24Un texte officiel sur la délégation de signature montre que Léopold Dugé de Bernonville fait fonction de sous-directeur, alors que la SGF appartient à la délégation permanente du secrétaire général du Comité ministériel de l’Économie nationale. Ainsi, dès 1937, les économistes qui veillent sur la SGF soulignent clairement au pouvoir leur souci de ne dépendre que de la présidence du Conseil, tout particulièrement afin d’obtenir l’obligation de réponse pour les entreprises. Parallèlement à la SGF, le Service d’Observation économique, placé sous la responsabilité d’Alfred Sauvy, poursuit son existence à l’Économie nationale, et élabore notamment un nouvel indice des prix de détail de 400 objets fabriqués, d’autant plus nécessaire que les syndicats ouvriers parlent d’échelle mobile, et que la procédure de conciliation et d’arbitrage prévoit une révision des salaires sous certaines conditions. Malgré des insuffisances soulignées par Alfred Sauvy, la législation sur les prix conduit à perfectionner les indices de prix de détail50.
• Le Comité national de Surveillance des Prix et le blocage.
25Aux prises désormais avec une situation de stagflation, combinant inflation et essoufflement de la reprise, le gouvernement Chautemps renforce, dès son avènement, le contrôle des prix. À la « surveillance » décidée en août 1936, s’ajoute, aux termes du décret-loi du 1er juillet 1937, un blocage des prix à leur niveau du 28 juin 1937. Bien que présenté comme temporaire, cette mesure franchit une étape supplémentaire dans la voie de prix « dirigés ». Et l’application de la loi du 4 mai 1938 sur la conciliation et l’arbitrage entraîne l’institution de commissions départementales du coût de la vie contrôlées par une Commission supérieure.

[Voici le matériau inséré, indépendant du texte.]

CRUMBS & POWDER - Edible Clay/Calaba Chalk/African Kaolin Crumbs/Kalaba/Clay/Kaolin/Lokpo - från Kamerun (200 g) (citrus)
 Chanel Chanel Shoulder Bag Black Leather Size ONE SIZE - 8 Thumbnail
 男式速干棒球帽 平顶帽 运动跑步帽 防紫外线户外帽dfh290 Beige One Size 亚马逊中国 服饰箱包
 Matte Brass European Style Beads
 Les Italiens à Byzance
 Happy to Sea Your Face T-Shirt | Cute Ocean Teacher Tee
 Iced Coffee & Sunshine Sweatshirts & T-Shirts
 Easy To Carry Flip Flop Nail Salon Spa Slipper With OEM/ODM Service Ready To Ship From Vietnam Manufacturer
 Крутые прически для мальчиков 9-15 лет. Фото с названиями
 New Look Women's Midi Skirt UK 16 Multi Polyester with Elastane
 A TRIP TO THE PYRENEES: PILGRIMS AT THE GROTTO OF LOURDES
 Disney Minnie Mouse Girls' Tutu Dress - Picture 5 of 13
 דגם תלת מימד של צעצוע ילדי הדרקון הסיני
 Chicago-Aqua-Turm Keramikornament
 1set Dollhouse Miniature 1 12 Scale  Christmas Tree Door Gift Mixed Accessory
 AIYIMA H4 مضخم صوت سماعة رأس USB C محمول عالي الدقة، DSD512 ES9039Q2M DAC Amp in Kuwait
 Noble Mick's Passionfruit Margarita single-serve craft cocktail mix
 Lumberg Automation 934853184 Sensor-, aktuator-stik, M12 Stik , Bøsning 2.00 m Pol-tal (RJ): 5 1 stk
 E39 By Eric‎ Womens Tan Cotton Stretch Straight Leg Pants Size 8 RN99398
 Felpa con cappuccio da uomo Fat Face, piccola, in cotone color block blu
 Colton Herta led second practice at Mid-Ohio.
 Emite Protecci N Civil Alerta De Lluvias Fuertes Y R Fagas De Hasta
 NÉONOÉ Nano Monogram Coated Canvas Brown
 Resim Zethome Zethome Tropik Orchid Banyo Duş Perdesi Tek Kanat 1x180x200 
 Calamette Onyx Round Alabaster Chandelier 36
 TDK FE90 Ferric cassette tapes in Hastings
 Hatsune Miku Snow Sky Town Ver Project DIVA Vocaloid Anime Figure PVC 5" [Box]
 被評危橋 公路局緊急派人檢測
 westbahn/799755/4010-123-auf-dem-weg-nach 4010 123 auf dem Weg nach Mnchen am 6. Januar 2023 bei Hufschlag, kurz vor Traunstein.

• La mise en sommeil de la Caisse des Marchés.
26Limitée, on l’a vu, par une dotation initiale étique — qui l’empêche de surcroît de consentir elle-même des avances — la Caisse des Marchés connaît des débuts fort modestes. René Brunet, sous-secrétaire d’État (socialiste) aux Finances, invité à X-crise au début de décembre 1937, y déplore l’absence de « primauté de l’économique sur le financier », et fait état d’un chiffre de seulement cent millions, correspondant au total des marchés financés grâce à la Caisse depuis août 1936 (pour un total d’environ cinquante milliards de francs de marchés passés par l’État et les collectivités)51. D’après Gaston Cusin, placé dans le Cabinet de René Brunet — sans apparaître dans l’organigramme officiel — afin de renseigner l’équipe de Vincent Auriol, et proche de Jacques Branger, les réflexes orthodoxes de certains hauts fonctionnaires des Finances, et, en particulier, de Jacques Rueff, n’auraient pas été étrangers à cette relative mise en sommeil52.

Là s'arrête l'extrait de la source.